Question

Calculate the percent yield of the aldol condensation-dehydration reaction.

I did the following

Put 0.8 mL aldehyde, 0.2 mL ketone, 4 mL ethanol, 3 mL of 2M sodium hydroxide in a flask. Then swirled it for 15 min. Then I added 6 mL ethanol and 4 mL of 4% acetic acid. I put the solution on ice and crystals formed. I ended up with 0.305 g of product. Please show me how to calcualte my percent yield for my product.

Answer 1

Only the cross aldol product will result as aldehyde has no alpha H and ketones are less reactive in self aldol condensation.

Let us calculate masses of aldehyde and ketone from given volumes and densities

Mass = Density x volume

For aldehyde, density = 1.019 g/mL and volume = 0.8 mL

So Mass of an aldehyde = 0.8 x 1.019 = 0.8152 g

For ketone, density = 0.791 g/mL and volume = 0.2 mL

So. Mass of ketone = 0.791 x 0.2 = 0.1582 g

Total mass of aldehyde+ ketone = 0.8152+0.1582 = 0.9734 g of reactants.

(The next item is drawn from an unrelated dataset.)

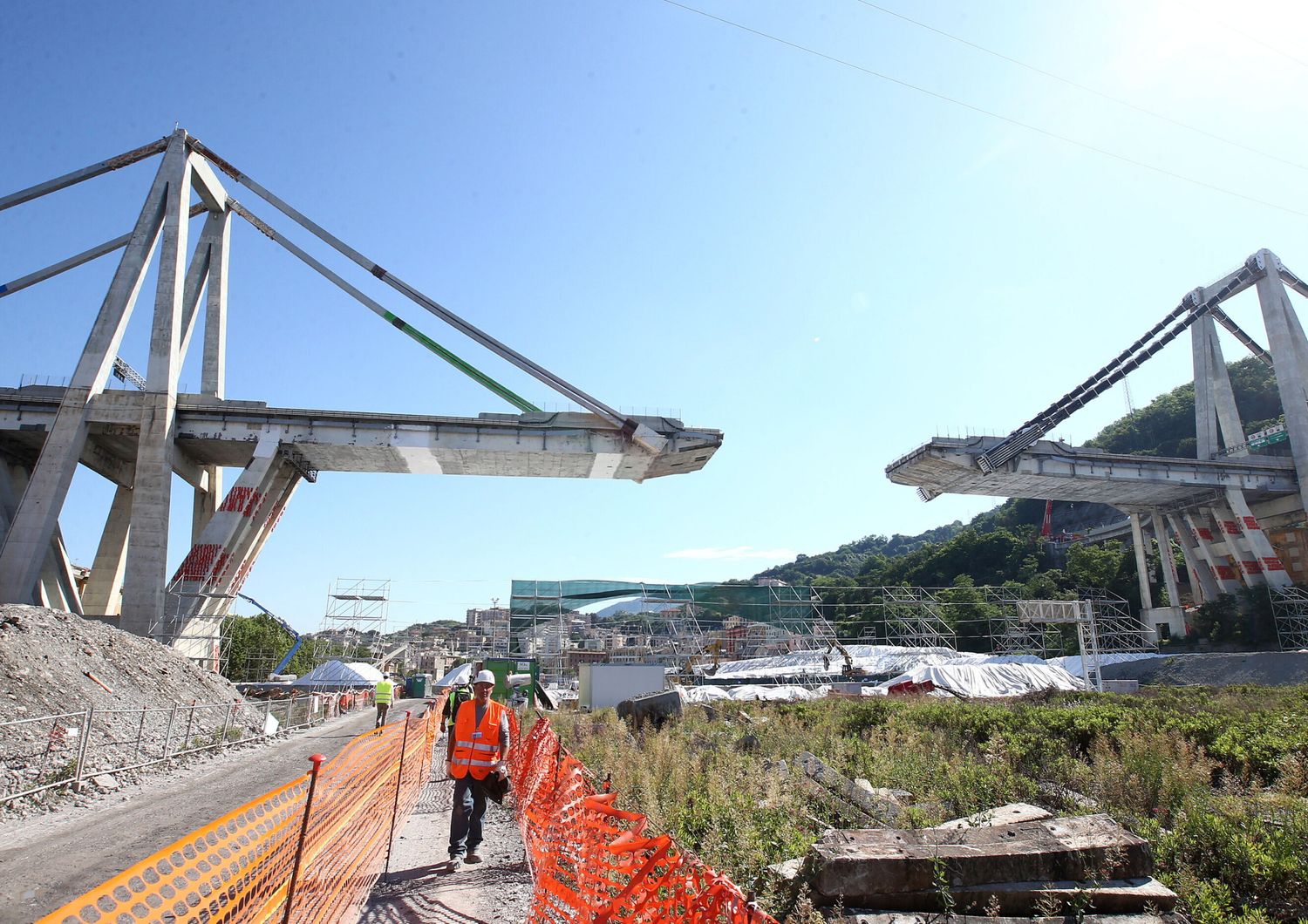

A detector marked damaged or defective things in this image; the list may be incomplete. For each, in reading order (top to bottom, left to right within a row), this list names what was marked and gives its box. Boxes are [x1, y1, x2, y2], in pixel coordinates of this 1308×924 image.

broken concrete block [811, 815, 1151, 909]
broken concrete block [937, 799, 1057, 831]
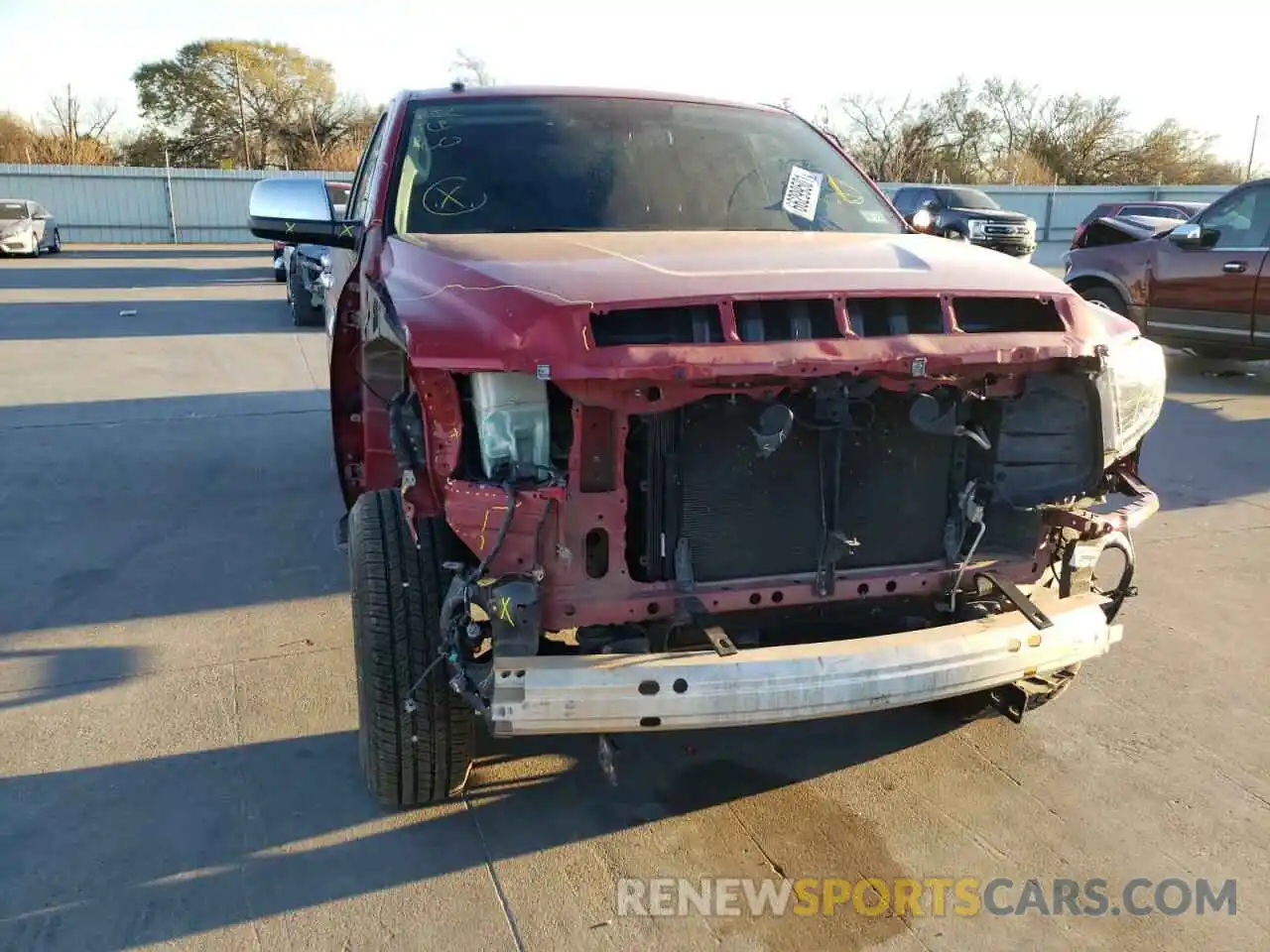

From mechanism it is clear that 1 mol aldehyde + 1 mol ketone = 1 mole enone product

i.e. 120 g aldehyde + 58 g ketone = 178 g reactants gives 160 g enone product

so we can write, 178 g reatants = 160 g enone product

Then, 0.9734 g reactant = say ; Mcal' g enone product

so, Mcal = (160 x 0.9734) / 178

Mcal = 0.875 g of enone product

But practically observed weight of enone product is (say) Mobs = 0.305 g

Then % yield calculated as,

% yield = (Mobs/Mcal) x 100

%yield = (0.305/0.875) x 100

% yield = 34.86 %

The % yield of the aldol condensation-dehydration reaction between 4-Methylbenzaldehyde and acetone gives 34.47 % yield of the product 4-p-Tolylbut-3-en-2-one.